This is one of those retrospective posts of an image I took way back in 2019.
Session Data
- Date: 15/04/20219
- Time: 17:09 – 17:52 UT
- Seeing: Unknown
- Transparency: Mostly Clear,
- Temp: Unknown
- Air Pressure: Unknown
- Humidity: Unknown
- Dew Point: Unknown
- Wind Speed: Unknown
Scope: Televue P127 APO f/5.3 Camera: FLI Proline PL1608 Filter: Astrodon Ha Calibration: Dark and Flat subtracted.
A remote imaging session using T9 in Siding Springs Australia. I know this nebula looks really nice in colour, but seeing it in mono Ha is a little more unusual.
This image consists of a mix of 2 x 300 second subs and 10 x 180 second subs. Processes in Pixinsight, although I don’t seem to have recorded a processing history, so cannot tell you what steps I took.

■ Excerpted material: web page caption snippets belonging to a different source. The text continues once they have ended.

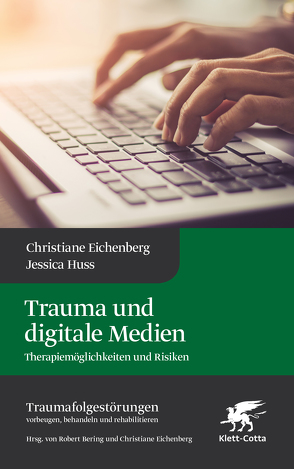 Trauma und digitale Medien (Traumafolgestörungen, Bd. 3) von Bering,  Robert, Eichenberg,  Christiane, Huss,  Jessica, Schneider,  Raphaela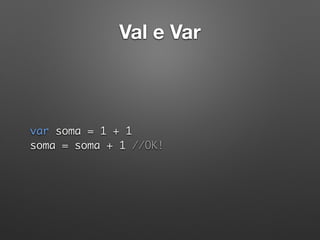 Val e Var
var soma = 1 + 1 
soma = soma + 1 //OK!
 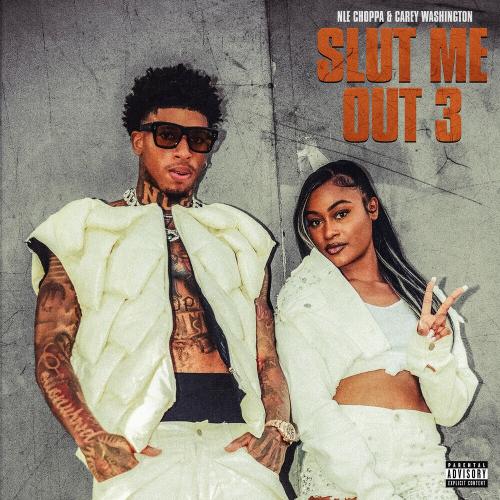 Slut Me Out 3 - NLE Choppa feat. Whethan & Carey Washington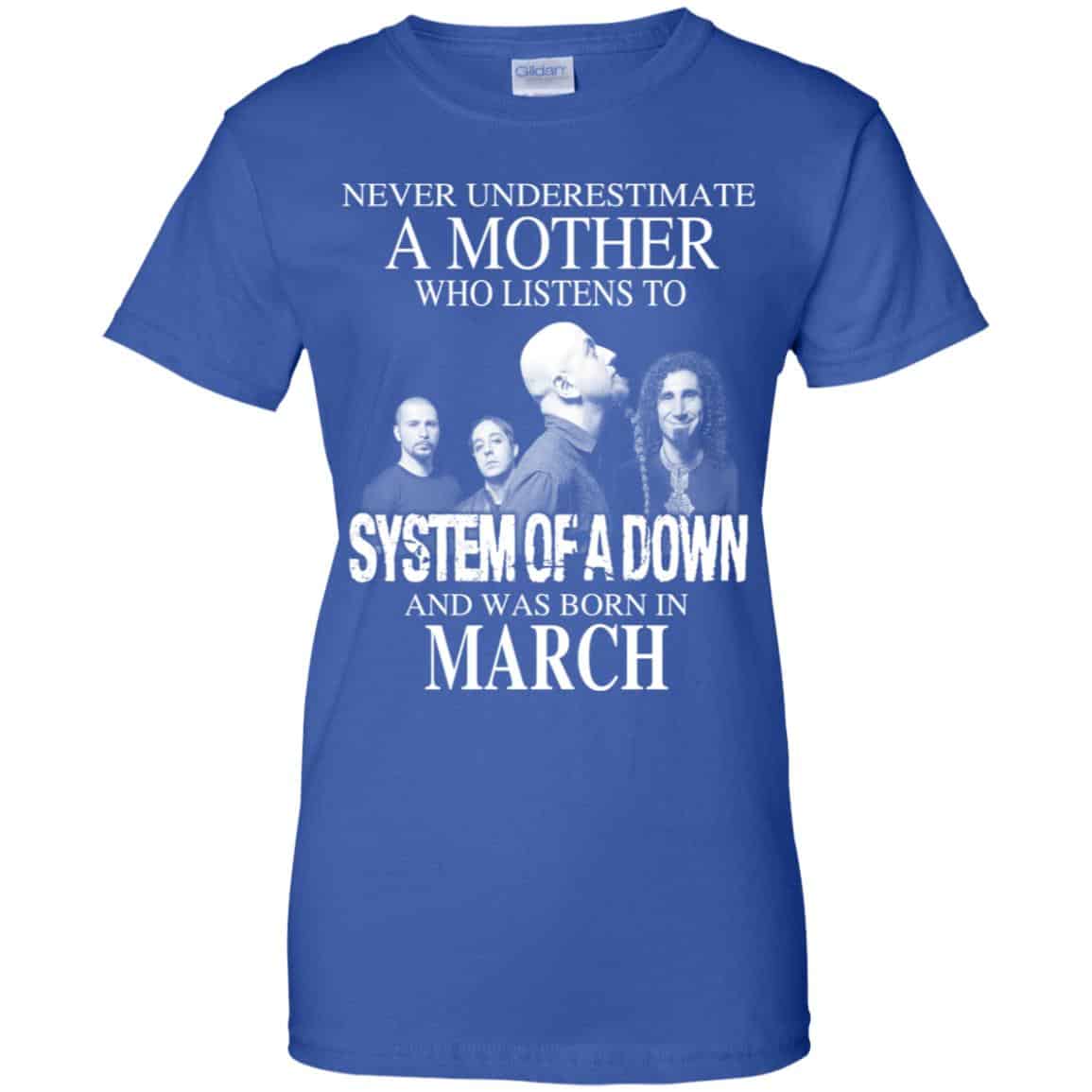 A Mother Who Listens To System Of A Down And Was Born In March T-Shirts, Hoodie, Tank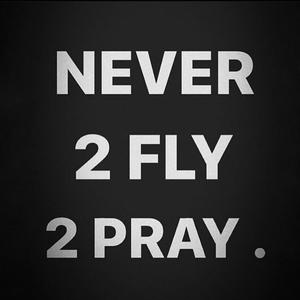 Never 2 Fly 2 Pray (Explicit)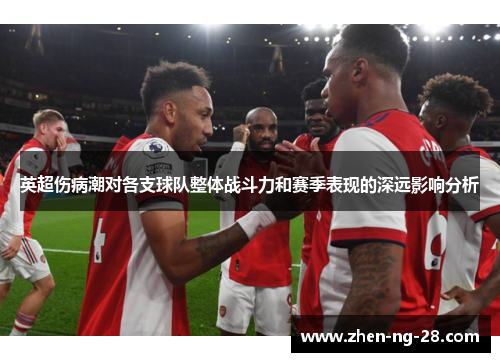 英超伤病潮对各支球队整体战斗力和赛季表现的深远影响分析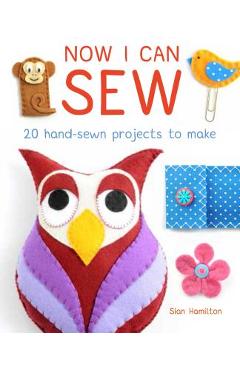 Now I Can Sew: 20 Hand-Sewn Projects for Kids to Make - Sian Hamilton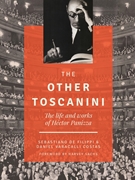 The Other Toscanini - The Life and Works of Héctor Panizza by Filippi / Costas for TextBook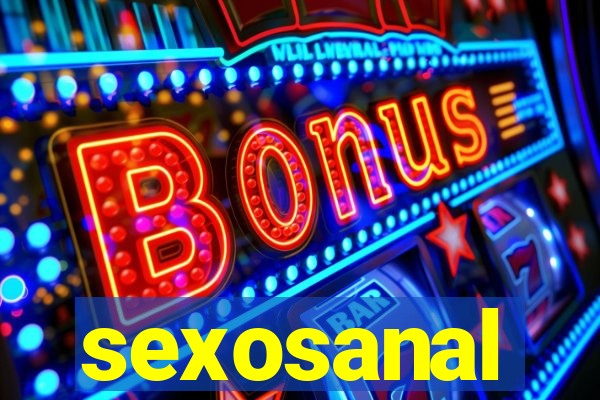 sexosanal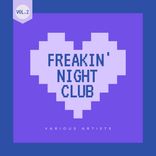 Artwork for "Freakin' Night Club, Vol. 2"
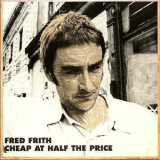 Fred Frith - Cheap At Half The Price '1983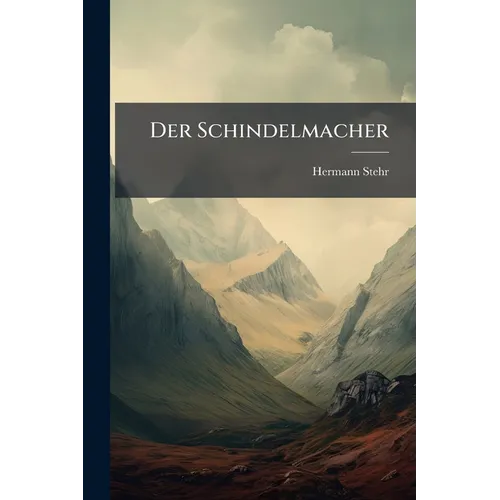 Der Schindelmacher: Novelle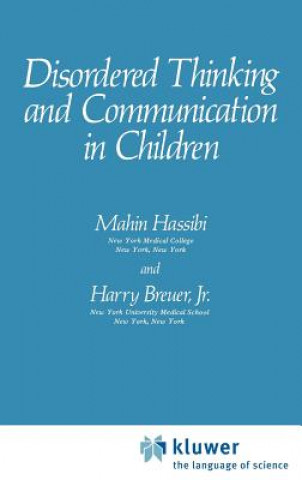 Knjiga Disordered Thinking and Communication in Children Mahin Hassibi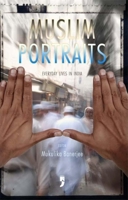 Muslim Portraits: Everyday Lives in India 025322098X Book Cover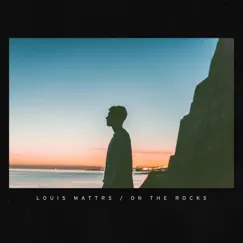 On the Rocks by Louis Mattrs album reviews, ratings, credits
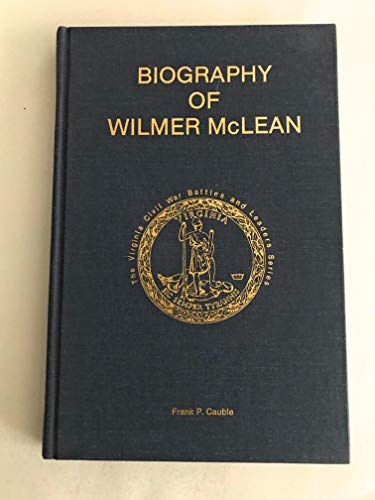 Stock image for Biography of Wilmer McLean May 3, 1814-June 5, 1882 for sale by Old Editions Book Shop, ABAA, ILAB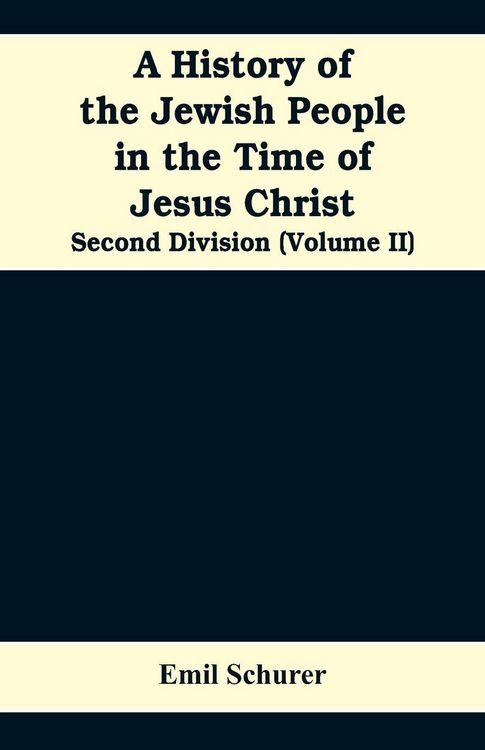 Produktbild: A History of the Jewish People in the Time of Jesus Christ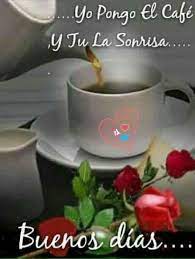 Frases De Buenos Dias Mi Amor Para Descargar En 2020 Buenos Dias Cafe Buenos Dias Carino Buenos Dias Gente Bella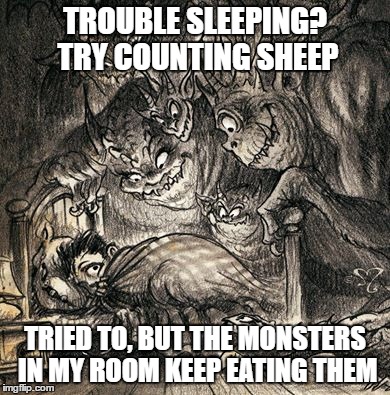 monters | TROUBLE SLEEPING? TRY COUNTING SHEEP; TRIED TO, BUT THE MONSTERS IN MY ROOM KEEP EATING THEM | image tagged in monters,sleep | made w/ Imgflip meme maker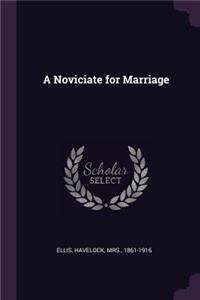 A Noviciate for Marriage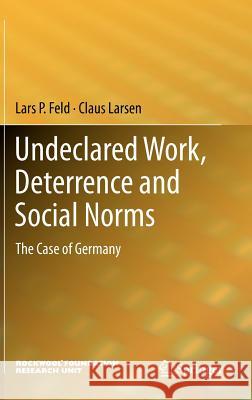 Undeclared Work, Deterrence and Social Norms: The Case of Germany Feld, Lars P. 9783540874003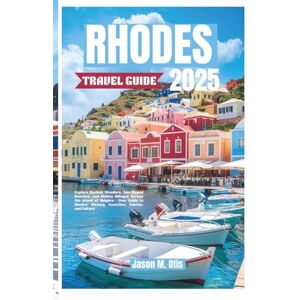 M. Otis, Jason RHODES TRAVEL GUIDE 2025: Explore Ancient Wonders, Sun-Kissed Beaches, and Hidden Villages Across the Island of Knights — Your Guide to Rhodes’ History, Coastline, Cuisine, and Culture M. Otis, Jason RHODES TRAVEL GUIDE 2025: Explore Ancient Wonders, Sun-Kissed Beaches, and Hidden Villages Across the Island of Knights — Your Guide to Rhodes’ History, Coastline, Cuisine, and Culture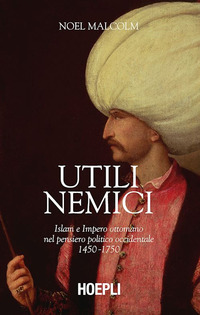 UTILI NEMICI - ISLAM E IMPERO OTTOMANO NEL PENSIERO POLITICO OCCIDENTALE 1450 - 1750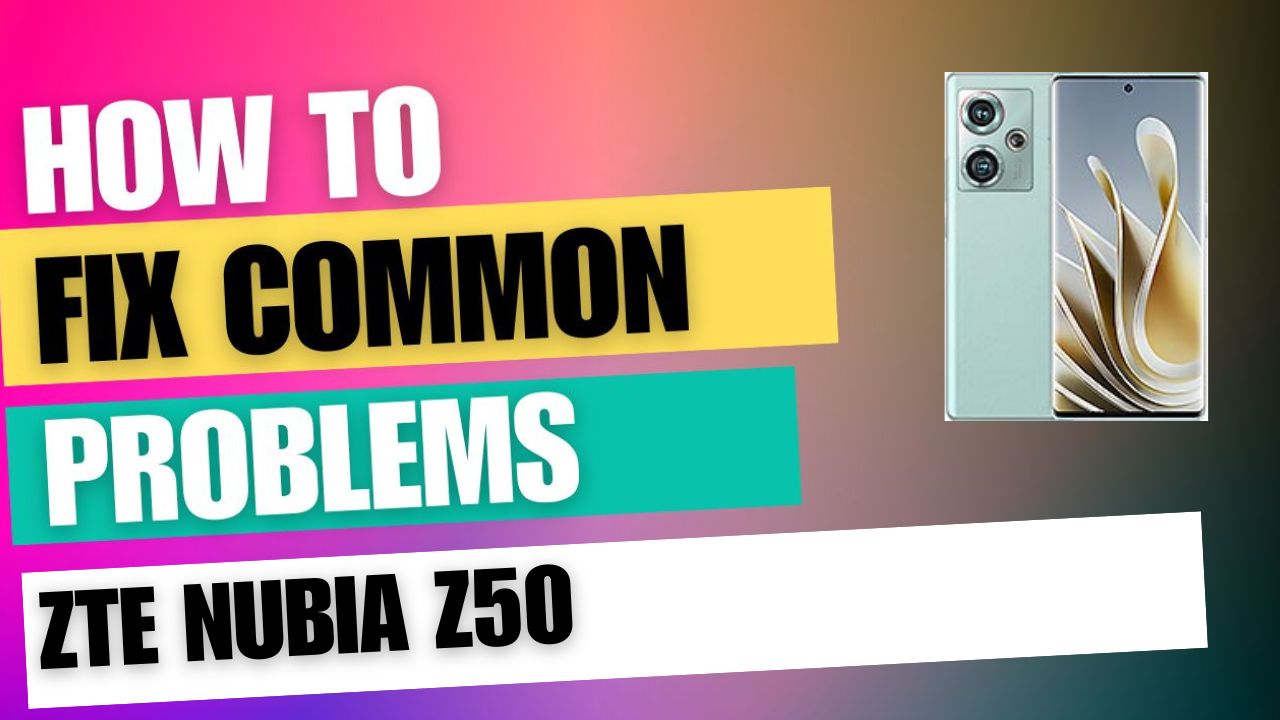 Fix Common Issue on ZTE nubia Z50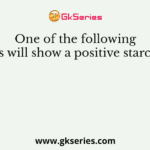 One of the following items will show a positive starch test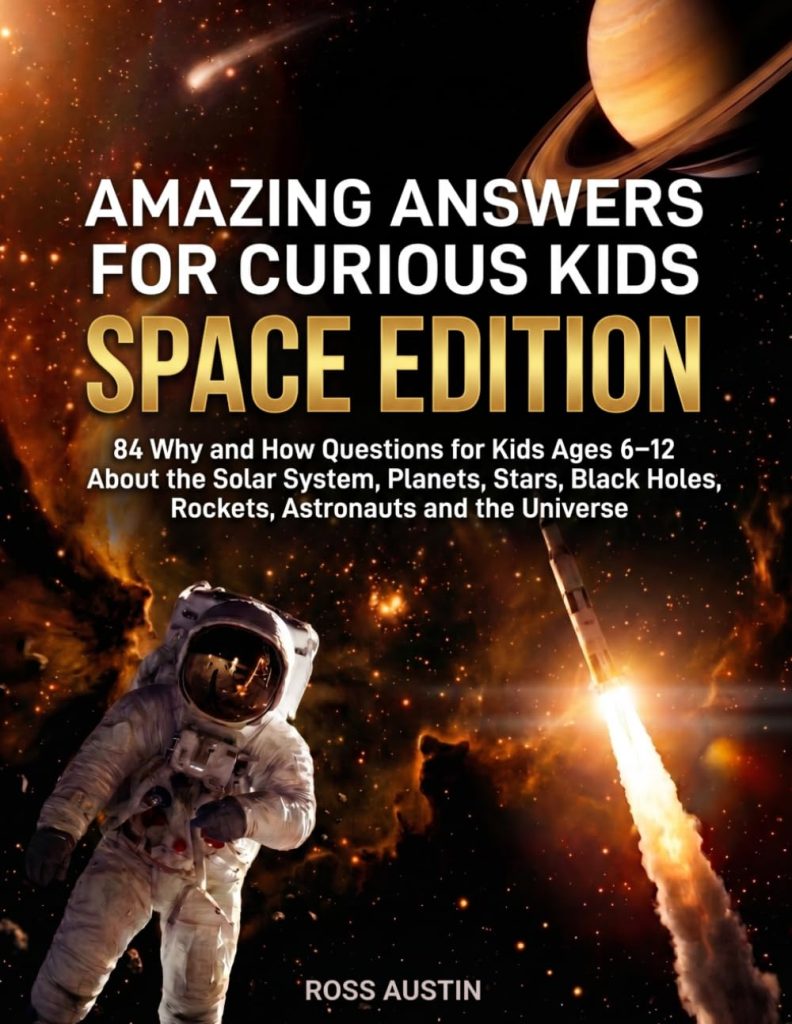 A book review of Amazing Answers for Curious Kids Space Edition: 84 Why and How Questions for Kids Ages 6-12 About the Solar System, Planets, Stars, Black Holes, Rockets, Astronauts and the Universe by Ross Austin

R Ophiuchi ( lower left quadrant of the image with the two smaller stars to the 6 and 9 O’Clock position) Typical of first confirmed variables in a constellation, R Oph is a Mira star with a bright maximum (in this case 7.6) and a much fainter minimum (13.3). Such stars were easy to discover because of their alternating periods of visibility and invisibility. In this case, R Oph has help in that it is extremely easy to find, lying about three-quarters of a degree southwest of the 2.6 magnitude star Eta Ophiuchus. During an ‘average” cycle, this star drops more than six magnitudes and then climbs back up in a period of 306.5 days.